L. Meghan Peirce

"Botswana’s Edutainment Soap, Makgabaneng: A Fiske Genre Analysis"

Makgabaneng is an entertainment-education radio serial drama in Botswana. The name means “Rocky Road”, as its motto is that “Life is a journey on a rocky path. The hope is, which every fall, there is a Rise.” It first aired August 20, 2001, in an effort to address critical HIV/AIDS awareness messages among 10-49 year-old citizens in Botswana (The Republic of Botswana Popular Report, 2005). It is one of the few HIV/AIDs organizations that produce messages based on behavioral change theory.

In 2000, behavioral scientists developed the M.A.R.C.H strategy to help change risky health behaviors associated with HIV/AIDS. M.A.R.C.H. stands for Modeling And Reinforcement to Combat HIV/AIDS. The modeling aspect of the strategy suggests that audiences learn how to handle various situations through character modeling. This is consistent with Bandura’s Social Learning Theory, which states, “learning can occur through observing media role-models and this vicarious learning can, under certain conditions, be more effective then direct experiential learning” (Singhal et al, 2002).

Makgabaneng has addressed these elements through their positive, negative, and transitional character development strategy.

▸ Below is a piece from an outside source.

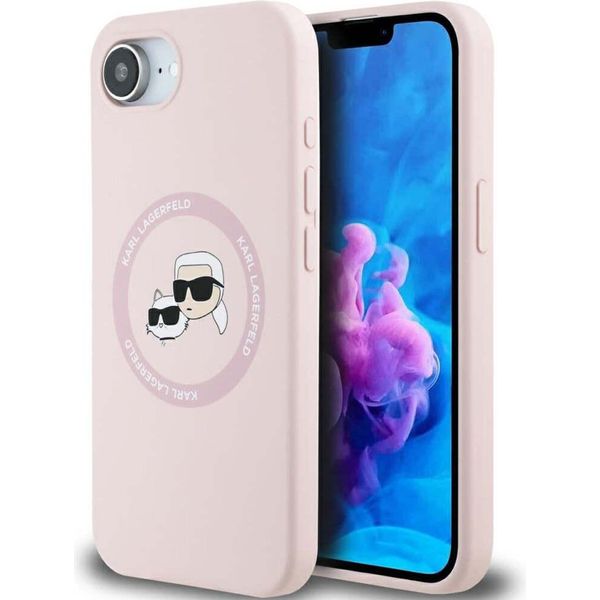 Custodia Karl Lagerfeld Silicone Karl&Choupette Heads Magsafe Do Iphone 16E RóżOwy-image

Each produced storyline includes a positive role model who consistently makes responsible health decisions and a negative character that consistently engages in risky and irresponsible behavior. Most importantly, transitional characters are included who may start making risky decisions, but evolve over the series into an empowered, knowledgeable, and positive character. These dynamic transitional characters most likely serve as the most identifiable role models for audience members, as they are neither consistently positive nor consistently negative.

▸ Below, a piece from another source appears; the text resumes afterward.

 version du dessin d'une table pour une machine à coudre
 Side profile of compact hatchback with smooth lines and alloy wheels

Fiske’s research explains how popular media is a representation that aids in maintaining dominant ideologies through culture rituals by examining the three foci of text: the formal qualities of programs and their flow; the intertextual relations within the itself, with other media and with conversation; and the study of the socially situated readers and the process of reading. Social change is able to occur in this environment through constant tension between those with social power and subordinate groups trying to gain power, an imperative understanding in edutainment research.

Much of Fiske’s work focuses on the soap opera genre. “All soaps are highly sexual, and many women use terms more conventionally applied to male pornography to describe their reaction to them. The soap opera press frequently emphasize sexuality, most commonly in discussion of love scenes or in descriptions and photographs of the male hunks” (Fiske, 1987, 186). However, many edutainment soaps are trying to decrease the amount of relationships and sexual tension between characters in their efforts to educate audiences.

This study aims to examine the radio-soap
Makgabaneng through a textual analysis to understand how relationships are presented in accordance with Fiske’s description of the ‘soap genre’. This study explores the boundaries of the soap drama, especially when minimal sexuality is presented in the storyline. Moreover, it hopes to gain a better understanding of the social change balance between entertainment and education.